Creemos que el principal riesgo económico al que se enfrenta el continente europeo poco tiene que ver con la normalización de la política monetaria del BCE, sino más bien con la contracción del impulso crediticio que se propagará inevitablemente por toda Europa, desencadenando una recuperación efímera.

Japón: momento dulce a pesar de los tipos de interés negativos

El impulso crediticio lleva subiendo desde el cuarto trimestre de 2015 a pesar de la llegada de los tipos de interés negativos en enero de 2016. En aquel momento se temía que dicha medida hiciera a los bancos reacios a emitir préstamos a sus clientes, pero los informes revelan que no es para nada lo que sucedió.

Del informe Tankan sobre la confianza de los mercados se desprende que los bancos se han mostrado más favorables a la emisión de préstamos, alcanzando un máximo histórico desde la crisis financiera internacional, subiendo hasta 24 puntos porcentuales durante el primer trimestre de 2017.

La política para 2016 de la FSA incitando a otorgar préstamos a clientes poco solventes ha sido parte de la palanca que ha evitado que Japón se sumergiera en una ralentización del crecimiento de crédito. Sin embargo, a pesar del impacto positivo, el efecto a nivel global es limitado, ya que el país nipón tan sólo representa el 5,2% de nuestro índice global.
Impulso crediticio (Japón):

El crecimiento en un punto de inflexión clave

El mensaje lanzado por el impulso crediticio mundial es el siguiente: el crecimiento mundial está en un punto de inflexión. Tras años de expansión, la rueda del crédito se ha invertido por completo. Puesto que el índice realiza un análisis a nueve meses, habrá que esperar a los datos del otoño, más atemperados, que darán indicios de una posible ralentización de la economía mundial en el transcurso del próximo año.
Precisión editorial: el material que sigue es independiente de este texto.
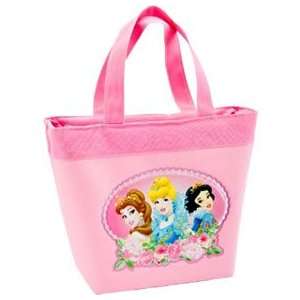  Disney Princess Insulated Basket Lunch Tote: Baby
La ralentización del crecimiento económico no es más que cuestión de tiempo y, en cierto modo, tendría toda la lógica, considerando que la recuperación económica comenzó hace ocho años a mediados de 2009 (en EE.UU.).
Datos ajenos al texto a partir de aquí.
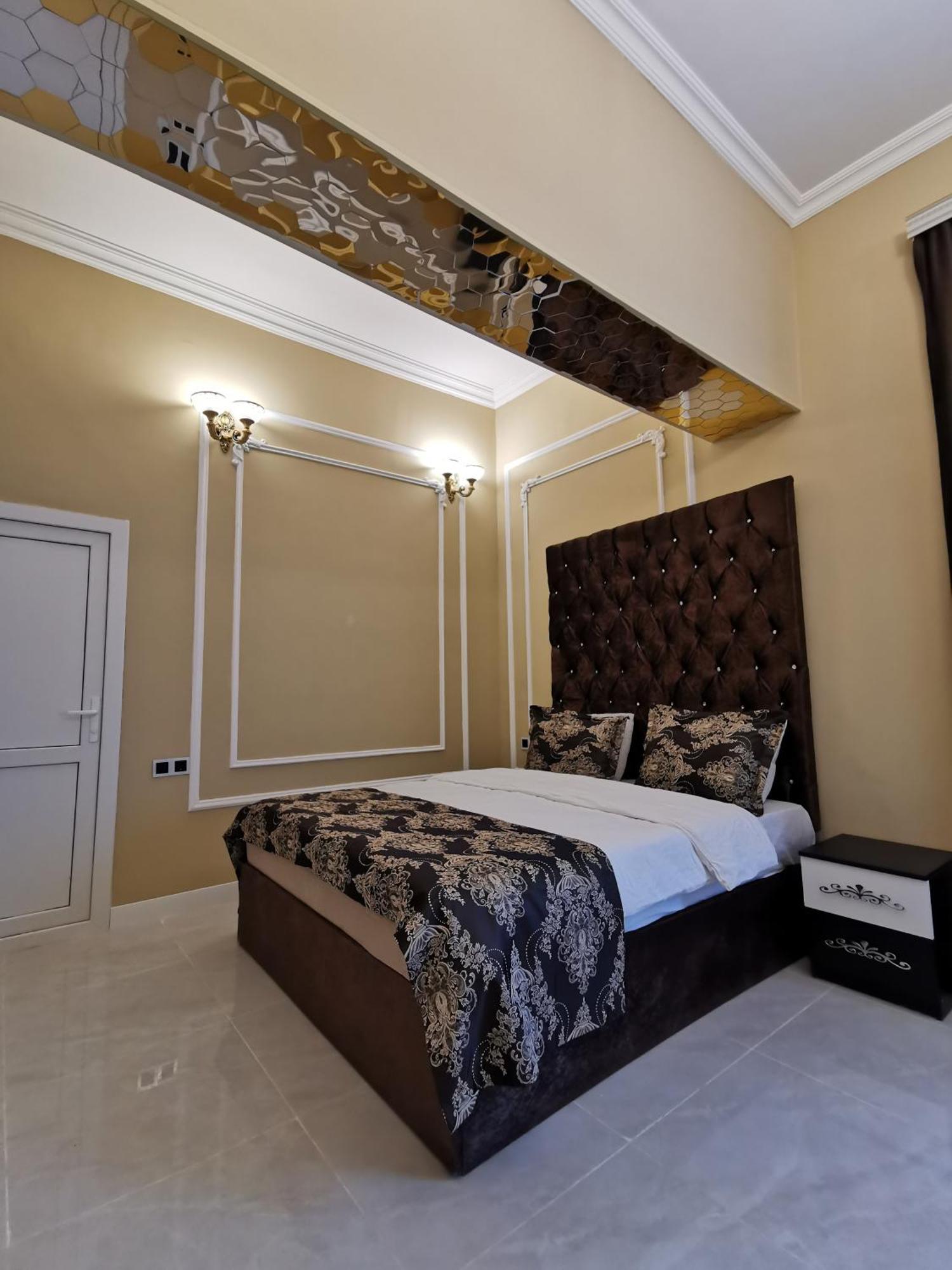 Raffles Villa With Pool Габала Экстерьер фото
Por el momento, hemos vivido la tercera mayor expansión desde 1850 (seguida de las expansiones de 1991-2001, 1961-1969 y 1982-1990). Las implicaciones de la contracción del impulso crediticio tienen un fuerte impacto sobre los mercados. En caso de desaceleración, la Fed y el BCE reducirían el ritmo y la profundidad de sus programas de retirada de estímulos. Por otro lado, podría abrir las puertas de la expansión monetaria y fiscal en China.